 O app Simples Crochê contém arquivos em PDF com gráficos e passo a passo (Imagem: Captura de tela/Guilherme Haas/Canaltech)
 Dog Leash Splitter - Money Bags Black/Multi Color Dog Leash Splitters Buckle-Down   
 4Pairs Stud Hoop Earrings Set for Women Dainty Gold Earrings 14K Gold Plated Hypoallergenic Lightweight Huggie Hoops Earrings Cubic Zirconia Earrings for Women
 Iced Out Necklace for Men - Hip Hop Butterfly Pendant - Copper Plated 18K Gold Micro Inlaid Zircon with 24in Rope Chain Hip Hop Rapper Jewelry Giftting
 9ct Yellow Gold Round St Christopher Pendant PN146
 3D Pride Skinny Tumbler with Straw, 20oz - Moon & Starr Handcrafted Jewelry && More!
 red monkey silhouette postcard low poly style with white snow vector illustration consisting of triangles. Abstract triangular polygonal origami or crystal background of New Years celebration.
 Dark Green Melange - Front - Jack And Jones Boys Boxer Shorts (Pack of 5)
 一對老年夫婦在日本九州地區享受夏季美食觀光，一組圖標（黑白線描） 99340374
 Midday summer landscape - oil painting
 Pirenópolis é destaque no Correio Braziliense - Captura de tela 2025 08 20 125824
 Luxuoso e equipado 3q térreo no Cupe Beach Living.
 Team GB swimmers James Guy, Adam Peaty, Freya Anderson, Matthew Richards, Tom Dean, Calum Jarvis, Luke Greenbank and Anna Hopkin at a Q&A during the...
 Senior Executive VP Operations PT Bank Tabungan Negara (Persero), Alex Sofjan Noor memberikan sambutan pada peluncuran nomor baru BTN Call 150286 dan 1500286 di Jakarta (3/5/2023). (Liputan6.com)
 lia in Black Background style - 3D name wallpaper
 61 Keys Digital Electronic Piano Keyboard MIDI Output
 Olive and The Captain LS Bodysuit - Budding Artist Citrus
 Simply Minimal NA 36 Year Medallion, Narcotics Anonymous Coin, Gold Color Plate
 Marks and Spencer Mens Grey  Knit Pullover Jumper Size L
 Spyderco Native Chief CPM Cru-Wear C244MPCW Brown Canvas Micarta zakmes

◆ DESCRIPTION OF THE TASK: When a line in the data holds the word "Gold", show that line.

◆ WRITTEN RESPONSE:
 4Pairs Stud Hoop Earrings Set for Women Dainty Gold Earrings 14K Gold Plated Hypoallergenic Lightweight Huggie Hoops Earrings Cubic Zirconia Earrings for Women
 Iced Out Necklace for Men - Hip Hop Butterfly Pendant - Copper Plated 18K Gold Micro Inlaid Zircon with 24in Rope Chain Hip Hop Rapper Jewelry Giftting
 9ct Yellow Gold Round St Christopher Pendant PN146
 Simply Minimal NA 36 Year Medallion, Narcotics Anonymous Coin, Gold Color Plate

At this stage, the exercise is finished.